Глазки его блестели, как свежепокрытые коричневым лаком, когда он озирал, по его же определению, "роскошный цветник дурмана и неги". Евпраксия совсем откровенно при этом давилась в салфетку, и даже ее строгая мать, прикрывшись рукою, остерегалась сделать ей замечание, боясь сама рассмеяться. Но Иван Матвеевич не обижался ничуть, даже напротив, он это любил: быть в центре внимания.
- И говорит ваша красавица матушка: "Дайте мне, говорит, крепкого чаю". А чай у меня первый сорт, но только цветочный! А сами изволите знать: чай этот зеленоватый и жиденький. И что ж, недовольна осталась драгоценная матушка ваша, встала и опрокинула все в полоскательницу… И Сергей Львович тут, как заразился, мне начал вычитывать, отчего не купил я коляску. А я говорю: "А на чем бы вы нынче поехали?" Хе-хе-хе-с! На прощанье, однако ж, облобызались: душевно люблю тонких людей! - И вслед за тем непосредственно, от глубины сердца, рассказчик вздохнул: - Вот и живи на проезжей дороге: все заезжают!
"Ах, болван!" - подумала Осипова и взглянула на Пушкина.
Пушкин не дал себе труда сдерживаться и громко расхохотался.
Жуковский писал и Александру Сергеевичу и Прасковье Александровне: оба письма были в одном конверте - на ее имя. Он писал о своем "замешательстве", не зная, что делать, кого просить и о чем, и что, слава богу, все само собою устроилось, а то он мог бы, пожалуй, лишь повредить. Даже самые выражения в письмах были почти одинаковы. Пушкин живо представил себе: утро, Жуковского, халат и камин, благодушие, лень…
- Чертовски небесная душа у этого полутурка! - воскликнул он и шутливо, и с подлинным чувством, а Прасковья Александровна тотчас же припомнила: "Чертик, будь ангелом!"
Пушкин теперь окончательно ее успокоил, сделав признание, что уничтожил письмо к Адеркасу, и оба они условились завтра писать в Петербург, благо будет оказия и можно послать не по почте.
На прощанье Осипова напомнила, что послезавтра сороковой день кончины тетушки Анны Львовны. Пушкин и тут ответил, смеясь:
- Ну что ж, хорошо, я велю отпеть панихиду или молебен, смотря по тому, что дешевле.
Дома ему няня сказала, однако, что Ольга Сергеевна и ей, уезжая, наказывала, чтобы отслужить непременно заупокойную, если известие о смерти придет без нее…
- Вот и отлично, и поезжай! - А сам пошел спать: была уже ночь.

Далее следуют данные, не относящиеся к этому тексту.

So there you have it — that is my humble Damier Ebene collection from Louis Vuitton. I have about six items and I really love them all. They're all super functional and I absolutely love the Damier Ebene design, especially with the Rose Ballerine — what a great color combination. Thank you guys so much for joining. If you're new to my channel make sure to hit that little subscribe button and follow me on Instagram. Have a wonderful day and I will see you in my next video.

Пушкин всегда брату писал бодрые письма, но в этот раз он особенно развеселился: с отъездом родителей больше ничто не давило его. Уже запечатав письмо, где болтал обо всем, а больше всего о петербургском "потопе", он вспомнил о бочках с вином и, распечатав, приписал и о них, чтобы купил "подешевле и получше. Этот потоп - оказия". Письмо было адресовано Льву Сергеевичу "в собственные лапки"; теперь он прибавил еще у печати, где было надорвано: "Я расковырял!" А няне, которая была озабочена поминанием тетушки Анны Львовны, он распорядился еще и про монаха Иону:
Да скажи-ка игумену, как будет служить нашу заупокойную: я вчера был у Осиповой и узнал о потопе; так вот пишу Льву, чтобы он наловил в Петербурге вина: бочки по улицам плавают! Как получу, приходил чтоб отведать.

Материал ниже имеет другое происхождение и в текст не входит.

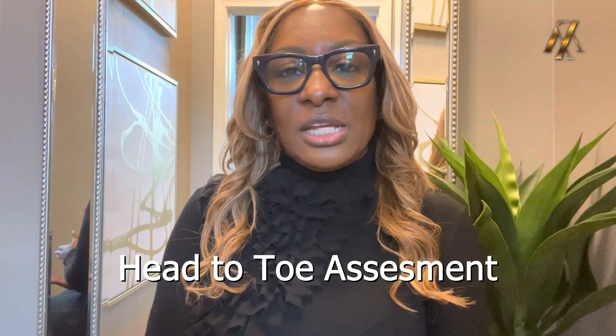The other thing that's really cool about it is that when you go out on that first visit to meet with your potential client and his or her family, when they sign up and become a client, you can literally do the comprehensive head-to-toe assessment right then and there if you choose to.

И вообще Пушкина очень развлек этот потоп:
Напрасно ахнула Европа,-
Не унывайте, не беда!
От петербургского потопа
Спаслась "Полярная звезда".
Бестужев, твой ковчег на бреге!
Парнаса блещут высоты,
И в благодетельном ковчеге
Спаслись и люди и скоты.
Так он аттестовал, шутливо-размашисто, петербургскую писательскую братию. Но позже, однако же, серьезно он размышлял и о другом. "Закрытие театра и запрещение балов - мера благоразумная. Благопристойность того требовала. Конечно, народ не участвует в увеселениях высшего класса, но во время общественного бедствия не должно дразнить его обидной роскошью. Лавочники, видя освещение бельэтажа, могли бы разбить зеркальные окна, и был бы убыток". И дальше брату писал о розданном правительством миллионе: "Велико дело миллион, но соль, но хлеб, но овес, но вино? Об этом зимою не грех бы подумать хоть в одиночку, хоть комитетом. Этот потоп с ума мне нейдет, он вовсе не так забавен, как с первого взгляда кажется. Если тебе вздумается помочь какому-нибудь нещастному, помогай из Онегинских денег. Но, прошу, без всякого шума, ни словесного, ни письменного". (В "Инвалиде" печатали фамилии жертвователей.)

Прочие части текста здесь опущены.